There are opportunities for UK companies in the oil and gas sector where the government is investing £50 billion in new projects aimed at ramping up oil production to four million barrels a day by 2020. These include improved export facilities, a fourth refinery and two new petrochemical plants. There are also plans to upgrade and expand existing facilities.

Kuwait has a mature financial system with commercial and specialist banks at its core, although the setting up of new banks is restricted in the country. There is a growing number of financial businesses, insurance companies, investment funds and a buoyant stock exchange.

The construction sector will benefit from a raft of major projects worth upwards of £130 billion including the development of island projects at Failaka and Bubiyan, the expansion of the airport, upgrading roads and adding and eighth ring-road. Extensive work is also planned for upgrading the sewerage system, building more utility plants and a metro rail system. UK companies are also likely to find opportunities in the development of new developments in cities such as Subiya, Khairan, Jaber Al Ahmed city, Arifjan and other smaller developments such as Al Mutlaa, Saad Al Abdullah and Sabah Al Ahmad.

On top of that the construction of a financial and commercial hub called Silk City in Subiya on the northern bay alone is worth £55 billion. Road, rail, port and housing projects have also been unveiled in the area. A new £4 billion campus is to be built for Kuwait University over the next decade.

Kuwait has set up a Free Trade Zone at Shuwaikh port providing storage and processing facilities. Companies operating here enjoy exemption from all customs duties and streamlined visa procedures.

Like some of its neighbours Kuwait is anxious to make its young people more employable. The modernisation of education and training are being given high priority using technology such as personal computers, whiteboards and a dedicated TV station. Dozens of projects are underway and the private sector is increasingly active in building new schools and universities.

Billions of pounds are being invested in the power sector where four new power plants are being built to meet the country’s growing energy requirements.

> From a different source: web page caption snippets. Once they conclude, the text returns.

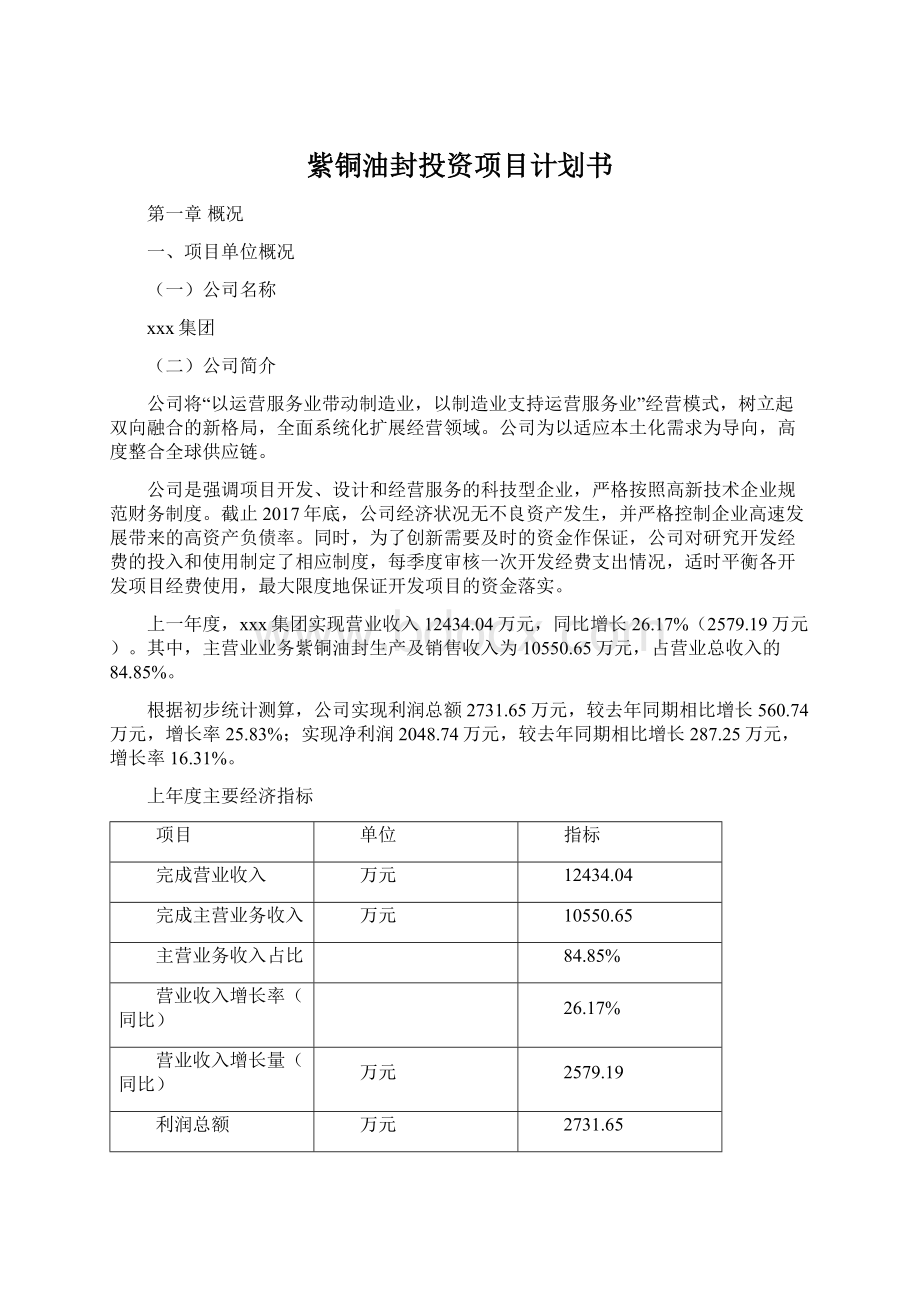 紫铜油封投资项目计划书.docx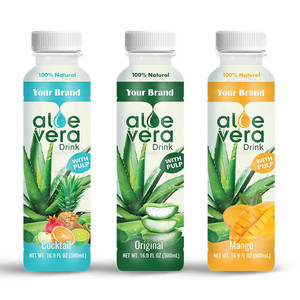 ขวดใส่น้ำผักและผลไม้ทำจากว่านหางจระเข้รสทับทิมขวดกว้าง500มล. แบบเวียดนาม - Product Image 3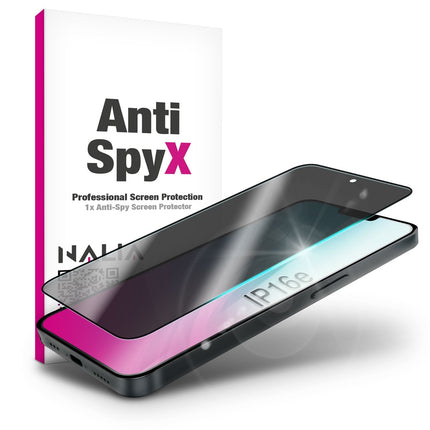 NALIA AntiSpyX für iPhone 16e Glas, Privacy Schutzglas [9H], Blickschutz nur frontal sichtbar, Gehärtetes Hartglas, Touchpräzise, Kratzfest, Blasenfrei, Anti-Fingerprint Glasfolie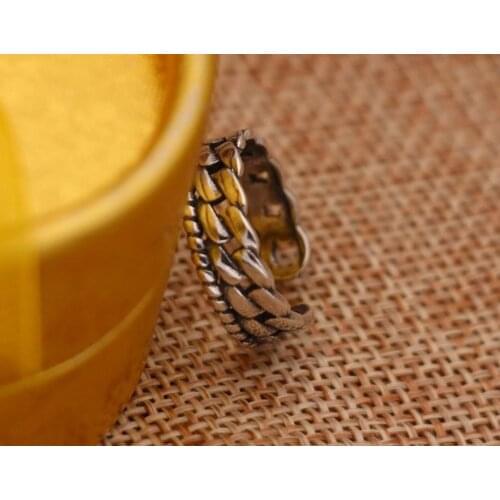 Vintage Lady Ring 925 Sterling Silver Jewelry Chain Beads Korean Version Thai Silver Open Ring Silver Allied Express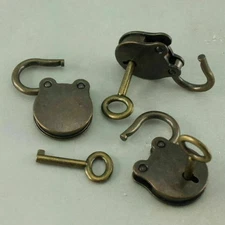 3 * Old Vintage Antique Style Mini Padlocks Key Lock Bronze Retro Jewelry Lock D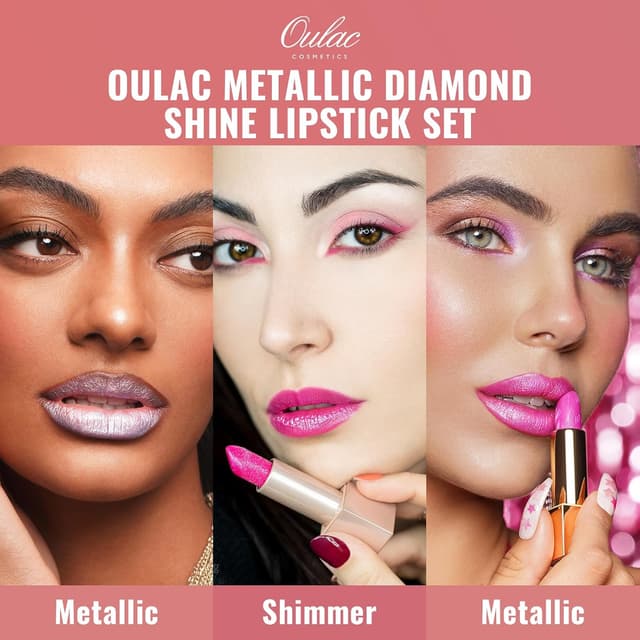 Detalle 2 de OULAC Purple Pink Metallic Lipstick Kit (MD02 + D02 + MSD15) – 3-Piece Shimmer & High Pigment Set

Aware of its poor record in solid waste disposal and inefficient land use, Kuwait is increasingly keen on municipal re-cycling projects with both public and private sector companies involved.

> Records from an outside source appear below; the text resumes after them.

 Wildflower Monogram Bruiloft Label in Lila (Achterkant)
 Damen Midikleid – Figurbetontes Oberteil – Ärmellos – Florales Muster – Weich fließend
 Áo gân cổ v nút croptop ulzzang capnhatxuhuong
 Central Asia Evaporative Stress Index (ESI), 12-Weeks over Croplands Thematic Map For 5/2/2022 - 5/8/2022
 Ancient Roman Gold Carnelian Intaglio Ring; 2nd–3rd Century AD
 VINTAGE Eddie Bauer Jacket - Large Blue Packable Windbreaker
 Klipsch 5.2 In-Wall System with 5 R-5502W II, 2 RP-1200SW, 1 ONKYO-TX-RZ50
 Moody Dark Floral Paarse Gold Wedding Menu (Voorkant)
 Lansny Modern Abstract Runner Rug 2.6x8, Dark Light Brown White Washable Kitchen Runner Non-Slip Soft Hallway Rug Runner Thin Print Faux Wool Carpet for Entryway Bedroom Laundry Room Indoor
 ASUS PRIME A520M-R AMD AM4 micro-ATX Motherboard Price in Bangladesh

The £1.4 billion upgrade of Kuwait International Airport offer opportunities in training, air traffic control and security.

Activity in the health sector is on the rise with the construction of eight new hospitals by 2017. There is strong potential here for partnerships with British specialised treatment centres, private hospitals and firms supplying medical equipment.

High levels of disposable income have continued to boost consumer spending in the retail sector worth around £35 billion a year. The market is dominated by British goods. Boots, Next, M&S, Debenhams and Mothercare all have a strong and respected presence. Nevertheless, there are opportunities for other UK retailers to get involved.